The growth achieved in the second quarter of 2011 almost offset a modest net sales decline of $0.1 million for the first six months ending June 30, 2011. Net sales were $15.7 million for the six months ended June 30, 2011, compared to $15.8 million on a "pro forma" basis (excluding the impact of our sale of LEM in December 2010) for the six months ended June 30, 2010. Net sales as reported for the six months ended June 30, 2010, including the net sales from LEM, were $17.8 million.

The 2010 "pro forma" net sales amounts described above exclude the $1.1 million and $2.0 million during the three and six month periods ended June 30, 2010, respectively, of sales products manufactured for third party customers rather than for the Company by its former Italian manufacturing subsidiary, LEM. LEM was sold on December 31, 2010, as such LEM's operations were not included in the Company's consolidated results for the three or six month periods ended June 30, 2011. However, LEM sales remain included in our consolidated results for the three and six month periods ended June 30, 2010. Set forth below are "pro forma" financial tables which set forth our operating results for the three and six months ended June 30, 2010 as if we did not own LEM during those periods.

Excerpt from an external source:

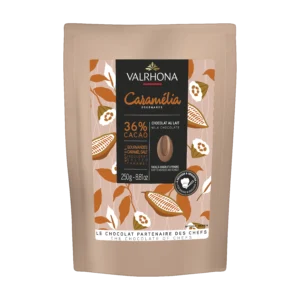 Czekolada mleczna Caramelia 36% Valrhona 250g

The Company incurred a net loss of $3.0 million for the three months ended June 30, 2011 compared to a net income of $408,000 for the three months ended June 30, 2010. The net loss for the three months ended June 30, 2011 included $2.0 million in other operating expenses primarily because the estimated future cash flows from the sale of certain licensed products would be insufficient to cover the remaining royalty obligations. The net losses for the three months ended June 30, 2011 and 2010, also included $537,000 and $167,000, respectively, in non-cash share-based compensation and warrant expenses.

"We are very pleased with the growth we generated this quarter, especially following the significant decline the Company had last quarter," said Orange 21 President Michael Marckx. "We are optimistic that we can continue to improve our sales execution and implement growth strategies to enhance our market position as we continue to reshape the organization for ongoing future success. Our new team's focus on the marketing, product development and sales programs to leverage the core SPY Optic™ brand appears to be gaining traction on many fronts. We are particularly enthused by our strong position in snow goggles and we really look forward to the second half of this year."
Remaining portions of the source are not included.